9 Those payments are detailed in the exhibits to Mr Jahani's affidavit.
10 Mr Jahani also deposes that as a result of his and Mr McInerney's statutory investigations, they believe that each of the companies was insolvent from at least 1 December 2016. Mr Jahani also considers that by receiving the benefit of the relevant payments, each of the proposed defendants has received more than they would receive by way of a dividend in the liquidation of the companies if the relevant payments were set aside and the relevant proposed defendant was to prove its debt as an unsecured creditor in the winding up of the companies.

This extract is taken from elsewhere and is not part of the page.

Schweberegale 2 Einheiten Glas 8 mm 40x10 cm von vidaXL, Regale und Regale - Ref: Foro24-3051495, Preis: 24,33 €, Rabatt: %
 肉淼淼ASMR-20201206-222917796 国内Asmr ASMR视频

11 The need for this application arises because, absent an order permitting joinder, it is possible that a single proceeding commenced against each of the proposed defendants would later be held to be improperly constituted. In Dudley (Liquidator) v RHG Construction Fitout & Maintenance Pty Ltd [2019] FCA 1355, the plaintiff liquidators commenced a proceeding for the recovery of alleged preferential payments against 17 defendants by way of a single originating process under r 2.2 of the Federal Court (Corporations) Rules 2000 (Cth). That proceeding was, as Jackson J said at [2]:
… proceedings of the kind that is sometimes called a 'mother proceeding' (Dean-Wilcocks v Air Transit International Pty Ltd [2002] NSWSC 525, (2002) 55 NSWLR 64 at [14], Martin Bruce Jones as Liquidator of Forge Group Ltd (Receivers and Managers Appointed) (In Liquidation) v Sun Engineering Qld Pty Ltd [2017] WASC 195 at [62]) or a 'mothership proceeding' (Re Bias Boating Pty Ltd [2017] NSWSC 1524 at [18]). That is, they are unfair preference claims in respect of the same insolvent company (or group of companies) that have been commenced against multiple defendants in relation to separate payments made by the company to each defendant.

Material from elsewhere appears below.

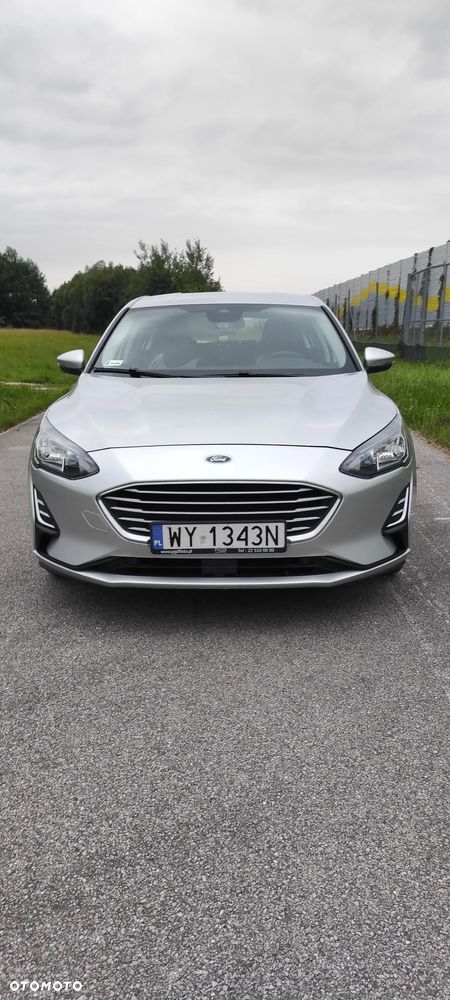 Ford Focus 1.5 EcoBlue Trend Edition - 10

12 The issue in that case was whether the commencement of that proceeding against all defendants in one cause was authorised without more, by the rules, and in particular, r 9.02. Jackson J concluded, at [26], that:
… r 9.02 did not authorise the liquidators to commence a single set of proceedings in this court against multiple defendants where the alleged preferential payments, and the agreements or arrangements with the company under which they were made, were unique to each separate defendant.
13 It is in this context that the plaintiffs' application arises. The plaintiffs require the Court's leave to commence a single proceeding against the multiple defendants. The Court's power to grant that leave arises under r 9.05 of the Rules. That rule is relevantly in the following terms:
9.05 Joinder of parties by Court order
(1) A party may apply to the Court for an order that a person be joined as a party to the proceeding if the person:
…
(b) is a person:
…
(iii) who should be joined as a party in order to enable determination of a related dispute and, as a result, avoid multiplicity of proceedings.
14 In the absence of that leave being granted, the plaintiffs would be required to commence 28 separate proceedings with one defendant to each of them. For the reasons which follow, I am satisfied that the proposed defendants ought to be joined in one proceeding as they are each persons who should be joined to enable determination of a related dispute and to avoid a multiplicity of proceedings.
15 In that regard, Austin J in Dean-Wilcocks at [33] observed that:
Where there is a single plaintiff but many defendants, the concern is rather different [from when there are many plaintiffs] … although the general objectives of fairness and practicability remain [I would add that the objective of judicial efficiency is equally salient]. Each defendant will be required to answer a case individually pleaded against it by the plaintiff, but the pleaded case against each defendant will contain assertions made against all defendants. It is not unfair to a defendant that the plaintiff makes identical or similar allegations against others. The fact that the plaintiff does so by joining more than one defendant to a single proceeding does not itself create unfairness. Disadvantage to a defendant, and the possibility of unfairness, may arise if, for example:
• the making out of the case against one defendant in some way hampers another defendant from adequately making out its defence; or
• the joinder of multiple defendants leads to cost or delay to a defendant materially greater than would have occurred if the cases had been brought separately; or
• a defendant is forced to defend its case in an inconveniently located court; or
• a defendant is forced to defend its case in the Supreme Court [in this case the Federal Court] whereas if the case had been brought separately against a defendant it would or might have been brought in a lower court at less cost to the defendant.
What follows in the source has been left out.